Studio album by Skeleton Crew
- Released: 1984
- Recorded: December 1983 to January 1984
- Studio: Kirchberg, Switzerland
- Genre: Avant-rock; experimental;
- Length: 41:37
- Label: Rift (US)
- Producer: Robert Vogel, Skeleton Crew

Skeleton Crew chronology
|  | Learn to Talk (1984) | The Country of Blinds (1986) |

= Learn to Talk =

Learn to Talk is a studio album by American experimental rock band Skeleton Crew, recorded at Sunrise Studio, Kirchberg, Switzerland, between Christmas and New Year 1983/1984. It was their debut album and was released in 1984.

The album was recorded when Skeleton Crew was the duo of Fred Frith and Tom Cora. The band was best known for their improvised live performances, during which they played various instruments simultaneously. While the recordings are not live (except for two tracks), they do to a large extent convey the dynamics of the live act. The music is both sparse and raw, consisting of songs interspaced with cello, guitar and violin instrumental fragments. Tape cut-ups also feature throughout the album, including a Ronald Reagan speech, Sousa's "Washington Post" and TV ad clips.

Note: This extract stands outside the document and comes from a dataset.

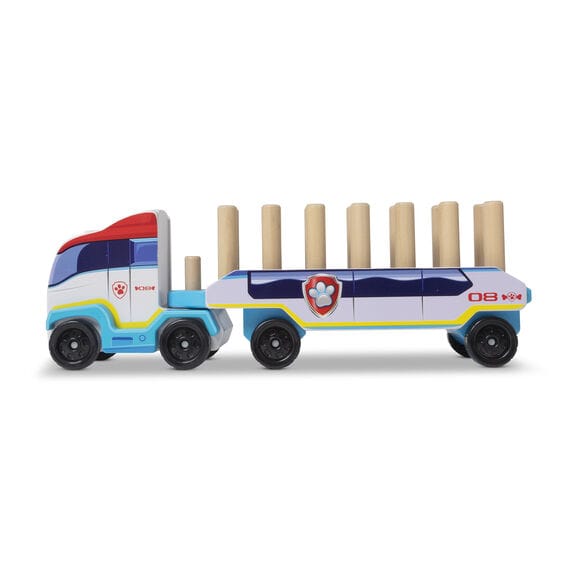 MELISSA & DOUG  Paw Patrol Wooden Abc Block Truck: Arrange wooden blocks on attached dowels on this sturdy wooden hauler vehicle or stack them in countless combinations - M&D-33272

The songs were composed or arranged by Frith and Cora, except for "The Way Things Fall (Back Apart)" which included lyrics by Rebby Sharp, who Frith had worked with in Orthotonics.

Professional ratings
Review scores
| Source | Rating |
| AllMusic | Star |
| Robert Christgau | B+ |

==Track listing==

Side Free
| No. | Title | Writer(s) | Length |
|---|---|---|---|
| 1. | "Que Viva" | Cora, Frith | 3:40 |
| 2. | "Onwards and Upwards" | Cora, Frith | 3:39 |
| 3. | "The Way Things Fall (Back Apart)" | Cora, Frith, Sharp | 2:35 |
| 4. | "Not My Shoes" | Cora, Frith | 2:14 |
| 5. | "The Washington Post" | Sousa, arr. Skeleton Crew | 1:28 |
| 6. | "We're Still Free" | Cora, Frith | 4:16 |
| 7. | "Victoryville" | Cora, Frith | 2:43 |

Side Dirt
| No. | Title | Writer(s) | Length |
|---|---|---|---|
| 8. | "Los Colitos" | trad. Ecuador, Cora, Frith | 2:53 |
| 9. | "Life at the Top" | Frith | 1:44 |
| 10. | "Learn to Talk" | Cora, Frith | 3:40 |
| 11. | "Factory Song" | Cora, Frith | 5:13 |
| 12. | "It's Fine" | Cora, Frith | 4:22 |
| 13. | "Zach's Flag" | Cora | 3:10 |

===Track notes===
- "Victoryville" was recorded live in December 1983 at the 1st Festival International de Musique Actuelle de Victoriaville in Victoriaville, Quebec, Canada (additional material from a malfunctioning tape-recorder which played both sides of the tape at once).
- Part of "Learn to Talk" recorded by CKRL in Quebec City.

==Personnel==
- Tom Cora – cello, bass guitar, casio, drums, home-made drums and contraptions, singing
- Fred Frith – guitar, six-string bass, violin, casio, home-made bass, piano, drums, singing

===Guests===
- Röbl, Lu and Katrin – voices on "Los Colitos"

===Sound and art work===
- Robert Vogel – engineer, producer
- Fred Frith – engineer
- Skeleton Crew – producer
- Thomas Newbolt – cover art work

==CD reissues==
In 1990 RecRec Music re-issued Learn to Talk together with Skeleton Crew's next album The Country of Blinds on a single compilation CD, Learn to Talk / Country of Blinds, omitting "Los Colitos" and "Life At The Top" from Learn to Talk, and "Money Crack" from The Country of Blinds.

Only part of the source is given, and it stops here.